Things were really tight this year- so it wasn't a big material gift year. My hubby got me a really nice True Blood "poster". It isn't really a poster, but la large, textured print. he gave me that last month since there was no way to hide it. he also bought me tickets to a concert awhile back, so I considered that a Christmas gift. I got a bonus check from work and a little bit of cash from my parents. I'm going to use it to rebuild my aquarium. Sadly, I lost all of my fish in November and am going to replant the way i want it this time.


----------



## DaneMama (Jun 27, 2008)

I got a brand new sewing machine from my dad and stepmom....
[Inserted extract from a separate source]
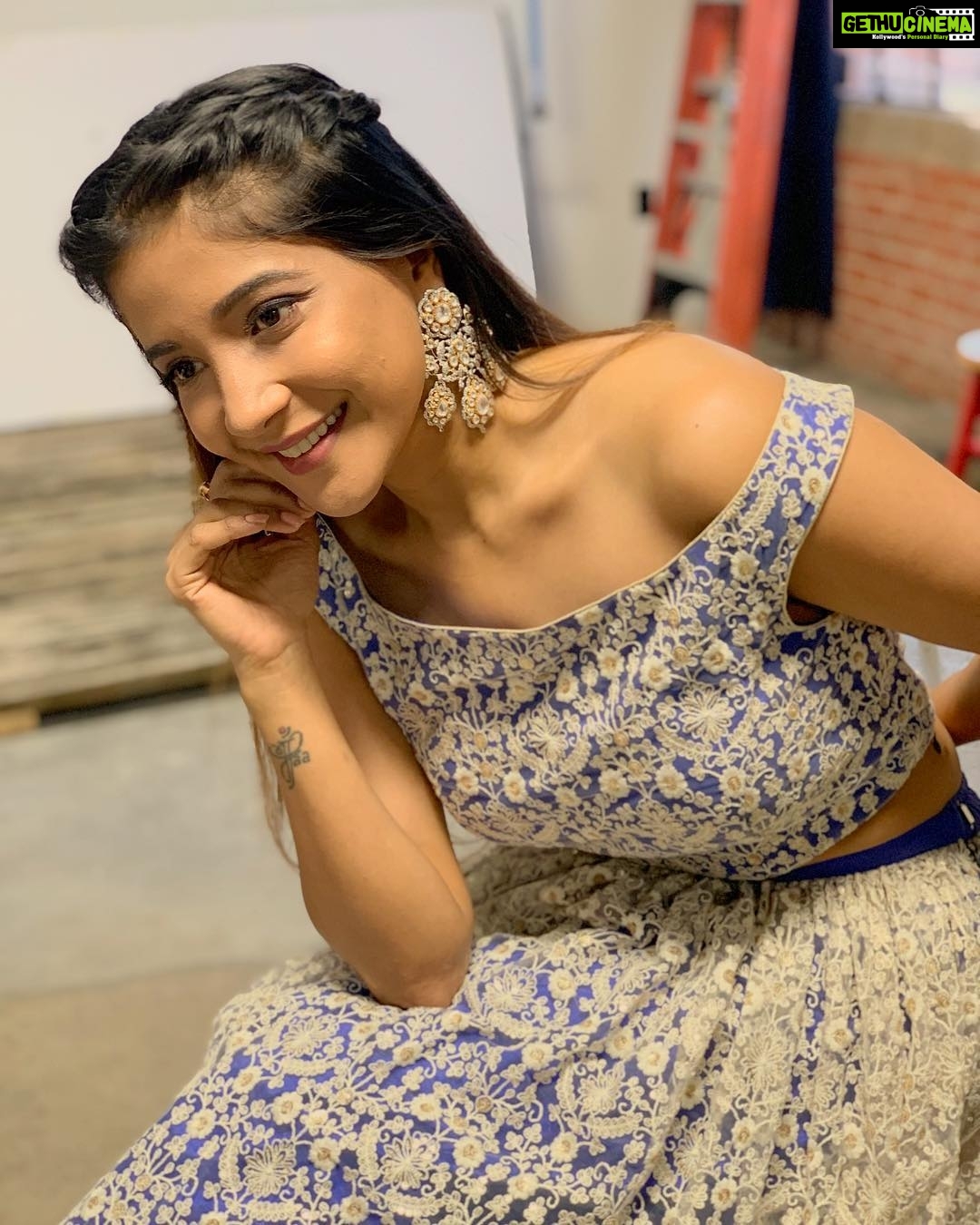 Sakshi Agarwal Instagram - usadiaries #shooting #instagood #instapicture #happydaysarehereagain @proyuvraaj 🧚♀️🧚♀️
Janome - 2160DC, 2160 Decor Computer

But my favorite "gift" has yet to come. Jon's mom is flying us both down to spend 11 days on her 51' catamaran while in the southern Bahamas (called the Exumas...)

exumas - Google Search


----------



## MollyWoppy (Mar 19, 2010)

I got a couple of drills for Xmas (and a ring that I'll pick out one day). We already have the bigger set of these drills but I wanted these as they are a wee bit lighter, but still pretty powerful. These are seriously good drills.
View attachment 857
Mol told me she also wanted a 16 squeaker Gator

View attachment 858
Windy got a tree thing (thats a yaaawwwnn)

View attachment 860
Mollie got a few 'keep her brain busy' puzzles....

View attachment 861


----------



## MollyWoppy (Mar 19, 2010)

danemama08 said:


> But my favorite "gift" has yet to come. Jon's mom is flying us both down to spend 11 days on her 51' catamaran while in the southern Bahamas (called the Exumas...)
> 
> exumas - Google Search


 
Talk about having something to look forward to - I can guarantee you will have an absolute ball! 
51' cat huh? Bet that baby's spacious. 
Have they been, or having any thoughts of heading down Panama way?


----------



## spookychick13 (Jan 26, 2010)

No pictures atm cuz I am at work....

My favorites are my Haan handheld steam cleaner and a set of The Nightmare Before Christmas dinner plates. So cute.


----------



## Guest (Dec 27, 2010)

My two awesome teenagers gave me a Conair foot bath. Very thoughtful of them as they do know how I love to pamper myself with pedicures and massages ....

A couple bottles of wine and a couple of gift cards to stores that I actually frequent was nice too.

The BEST gift of all is simply seeing the JOY on my childrens' faces as they opened their gifts.


----------